WASHINGTON—A funded consumer representative to the National Association of Insurance Commissioners today questioned insurance industry and NAIC arguments that insurance companies do not pose systemic risks to the economy. As such, this also questioned the argument that insurers do not, in fact, need federal oversight.
In testimony before Congress, Daniel Schwarcz, an associate professor at the University of Minnesota Law School, argued that even traditional insurance activities can pose some systemic risks, particularly in the domain of life insurance.
He also cited the experience of American International Group.
“Perhaps most importantly, our experience with AIG in 2008 taught us that we do not fully understand the systemic risks involved in insurance holding company systems,” Schwarcz said.
Schwarcz made his comments in testimony before the Housing and Community Opportunity Subcommittee of the House Financial Services Committee on insurance oversight and legislative issues.
The hearing dealt with three legislative proposed being considered by the panel that would scale back the authority of the Financial Stability Oversight Council, the Federal Insurance Office and the Office of Financial Research, both within Treasury, to independently monitor insurers.
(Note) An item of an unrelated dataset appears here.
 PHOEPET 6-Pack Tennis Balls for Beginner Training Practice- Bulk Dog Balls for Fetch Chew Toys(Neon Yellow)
Officially, the NAIC is not pushing this legislation, and has stated it has no official postion on Dodd-Frank or on any proposals to modify it. At the same time, in his testimony before the Subcommittee on Insurance, Housing and Community Opportunity of the Committee on Financial Services, Deputy Director and Superintendent of Insurance and Banking for the State of Rhode Island Joseph Torti did stress that any implementation or modification of Dodd-Frank should keep state-based regulation in mind.
“The NAIC does…strongly believe that the implementation ofDodd-Frank by the federal financial agencies or any legislative efforts to amend it should beconsistent with Dodd-Frank’s recognition of the uniqueness of the insurer business model andthe strength of the national state-based system of insurance regulation,” Torti testified.
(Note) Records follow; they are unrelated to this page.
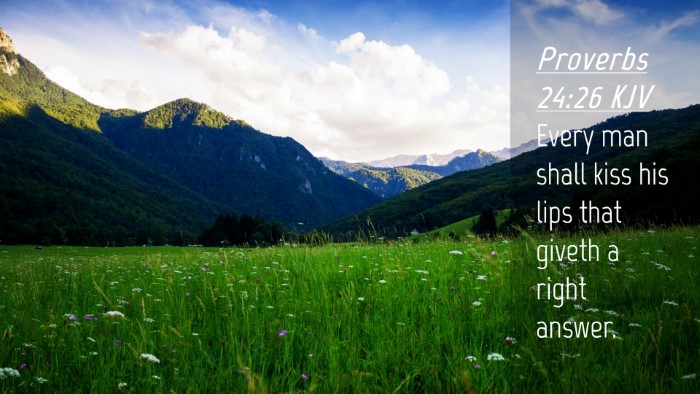 Picture 04 - Proverbs 24:26 KJV Desktop Wallpaper - Every man shall kiss his lips that giveth a right - Desktop Bible Verse Wallpaper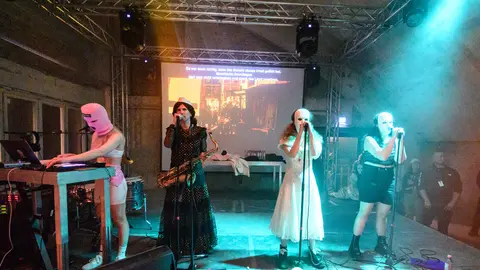 12 May 2022, Berlin: (L-R) Members of the Russian musical group Pussy Riot Diana Burkot, Anton Ponomarev, Maria Alyokhina and Olga Borisova perform during their concert at Funkhaus Berlin. Photo: Bernd von Jutrczenka/dpa.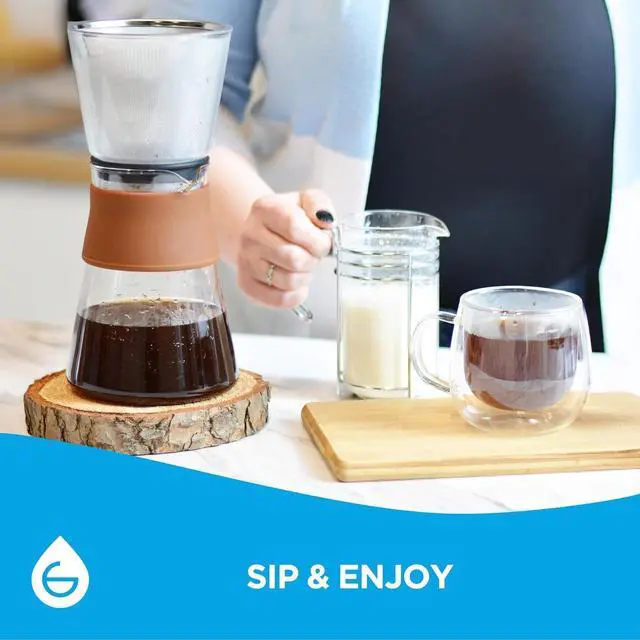 Alt view image 7 of 7 - GROSCHE Amsterdam Glass Pour Over Coffee Maker - Single Cup Manual Dripper Brewer w/Removable Glass Top & Permanent Stainless Steel Filter - 27.6 fl oz - Ideal for Home, Camping, & On-the-Go Brewing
One of the legislative proposals being considered would revoke the authority of the Federal Insurance Office and the Office of Financial Research within the Treasury to subpoena information from insurance companies.
The second would “explicitly and entirely” exclude insurance companies, including mutual insurance holding companies from the Federal Deposit Insurance Corporation’s “orderly liquidation authority” for troubled large non-banks.
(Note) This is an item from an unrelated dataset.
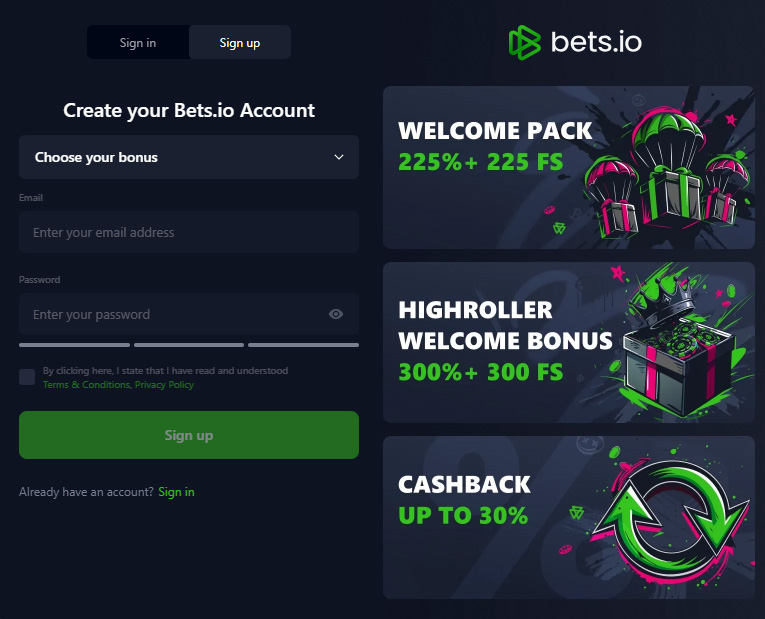 Bets.io Casino Login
The third would “preclude” the Federal Reserve from establishing higher prudential financial standards to troubled insurance companies it would oversee as ordered by the Financial Stability Oversight Council.
All of these powers were given to federal regulators through the Dodd-Frank financial services reform law.
While the law left insurance regulation mostly in the hands of the states, it did give federal financial regulators authority to monitor the industry and regulate an insurer as systemically significant, if the FSOC so determined.
Michael Lanza, executive vice president and general counsel of Selective Insurance Group, Inc., Branchville, N.J., testified before the panel that the legislation is appropriate.
He said DFA provisions regarding insurers should be “clarified” to ensure that federal regulators do not impose conflicting or duplicative regulatory requirements.
Lanza testified on behalf of Selective and the Property Casualty Insurers Association of America.
In his testimony, Lanza said that “We do not believe that the proposals – in any way – scale back any powers that Dodd-Frank granted federal agencies to regulate the types of risky activities that gave rise to the financial crisis.”
He said that. “Home, auto, and business insurers, while important to our customers in times of need, did not cause the financial crisis and generally are not systemically important to the financial markets.”
Lanza added that the property & casualty industry “is stable and healthy.”